HOW TO COMPLETE THIS TASK
Before you write out the listing, remove the pictures; everything else stays exactly as it is.

STORED DATA
___
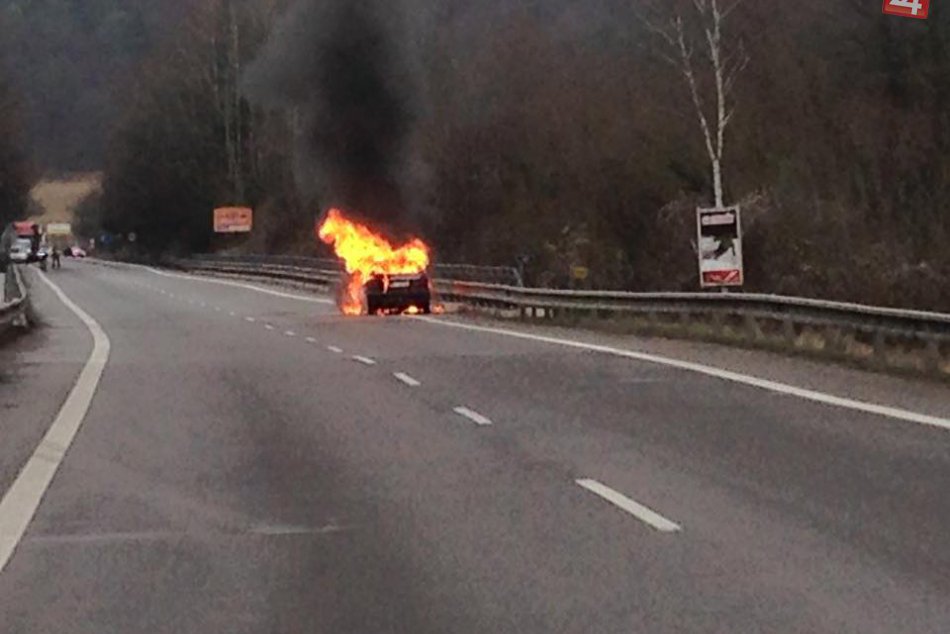 FOTO: Auto vzbĺklo na ceste pri Brezne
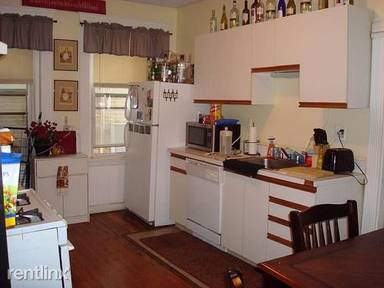 Main picture of 447 Park Dr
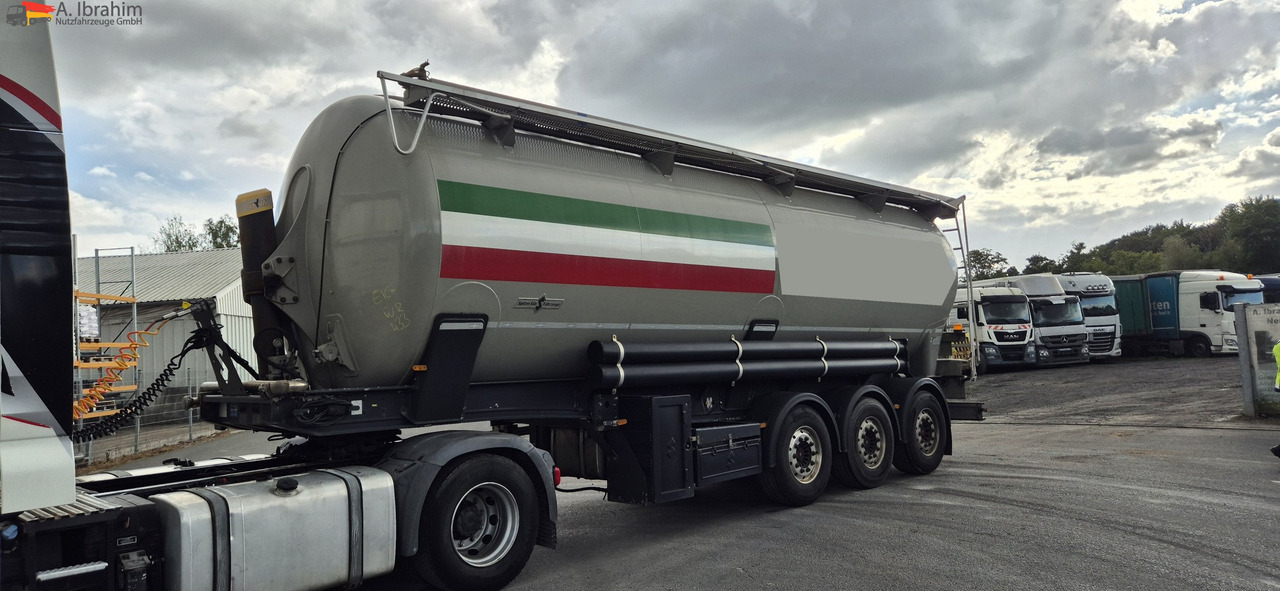 SPITZER SKL2745CAL leichter Anfahrschaden elektr. Pumpe - Semirremolque silo: foto 1 SPITZER SKL2745CAL leichter Anfahrschaden elektr. Pumpe - Semirremolque silo: foto 1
___
YOUR SOLUTION
 FOTO: Auto vzbĺklo na ceste pri Brezne
 Main picture of 447 Park Dr
 SPITZER SKL2745CAL leichter Anfahrschaden elektr. Pumpe - Semirremolque silo: foto 1 SPITZER SKL2745CAL leichter Anfahrschaden elektr. Pumpe - Semirremolque silo: foto 1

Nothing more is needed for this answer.